Quatre stratégies coexistent et se superposent le plus souvent. Les règles (modèle A si vision ou outils, modèle B si requête courte, bascule si erreur serveur) sont auditables et couvrent l'essentiel des besoins réels. Les attributs fournisseur trient par prix plafond, débit, latence, disponibilité et région. La complexité fait classer le prompt par un classifieur, qui l'oriente vers le palier de modèle correspondant. Le contexte de l'agent agit sur la session elle-même : réduction des sorties d'outils, réduction de la surface MCP, redirection en cours de tâche quand un budget saute.

Le levier financier principal n'est plus le seul choix du modèle. Il combine routage, cache de prompt et compression. Le cache de préfixe étant indexé sur le contenu, un routeur qui change de modèle en cours de session invalide le cache et fait repayer le contexte entier : l'économie théorique du modèle moins cher est absorbée par la relecture. L'affinité de session, qui épingle le modèle du premier tour, est de ce fait devenue une fonctionnalité affichée.

Les risques à instruire

Une passerelle hébergée lit les prompts, et dans le cas d'un optimiseur d'agents, les appels d'outils. La rétention zéro s'active explicitement et n'est presque jamais le comportement par défaut de bout en bout ; pour un secteur régulé, l'auto-hébergement ou le locataire dédié en résidence européenne redevient la réponse défendable. L'enfermement, lui, se déplace plus qu'il ne disparaît : adopter une passerelle pour éviter de dépendre d'un fournisseur de modèles, c'est dépendre de la passerelle. La parade consiste à garder une interface compatible OpenAI côté application et à placer les politiques dans le gateway plutôt que dans le code métier.
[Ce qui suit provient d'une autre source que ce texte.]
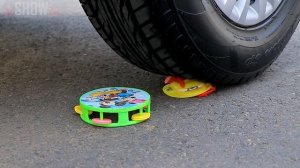 Experimentos_ Globo de Orbeez VS Rueda de Coche _ Aplastando Cosas Crujientes con el Coche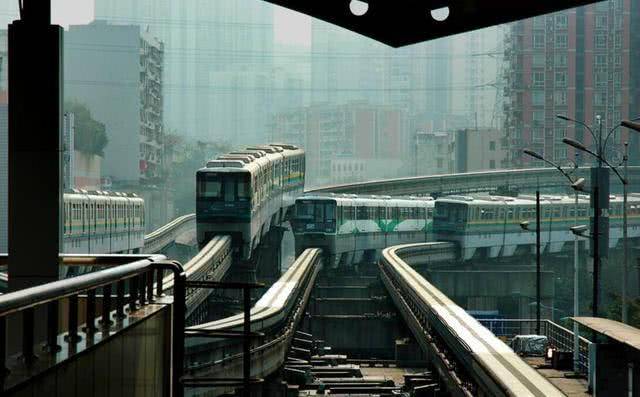 西南地区经济总量_西南地区夜市经济图片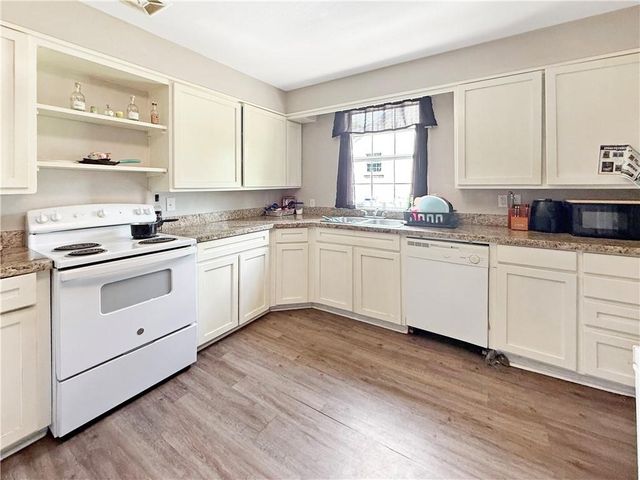 917 KINGS Road, Leesville, LA 71446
Deux autres pièges reviennent. Un classifieur mal calibré envoie une analyse sensible vers le modèle le moins cher : un routeur automatique se fait tourner en observation sur son propre trafic avant d'être généralisé. Et les frais qui ne figurent pas au tarif — commission de plateforme, sièges par développeur, journaux facturés, infrastructure du proxy, conversion de devise — déplacent le point de bascule entre offre hébergée et proxy possédé.

Questions fréquentes

Quelle différence entre un LLM router et un AI gateway ?

Le gateway est le point d'entrée unifié — un endpoint, une authentification, de l'observabilité. Le router est la décision prise à chaque requête : quel modèle, et quel fournisseur sert ce modèle. Les produits du marché font les deux, mais la distinction reste utile pour comparer des offres.

Faut-il une passerelle si l'on utilise un seul fournisseur ?

Oui, dès que plusieurs équipes consomment la même clé. Les budgets par projet, les clés virtuelles révocables et le suivi de dépense justifient la couche à eux seuls, avant toute question de multi-modèles.

Combien coûte un AI gateway ?

Une marketplace prélève une commission de l'ordre de 5 % sur les crédits. Un proxy open source ne prélève rien mais demande à être opéré, avec une base de données et un cache en haute disponibilité. Un optimiseur d'agents se facture au siège ou en part des économies produites.

Un routeur automatique dégrade-t-il la qualité des réponses ?

Il le peut, et c'est le risque principal. La pratique de référence consiste à le faire tourner en observation sur son propre trafic, à comparer les sorties sur les cas qui comptent, puis à ne l'activer que sur les segments où l'écart est nul.

Un AI gateway est-il compatible avec une exigence de souveraineté ?

Sous conditions. Un proxy auto-hébergé dans votre infrastructure l'est par construction. Une offre hébergée demande de vérifier la résidence des données, la rétention et le régime juridique de l'opérateur, y compris quand la passerelle est européenne mais route vers des modèles qui ne le sont pas.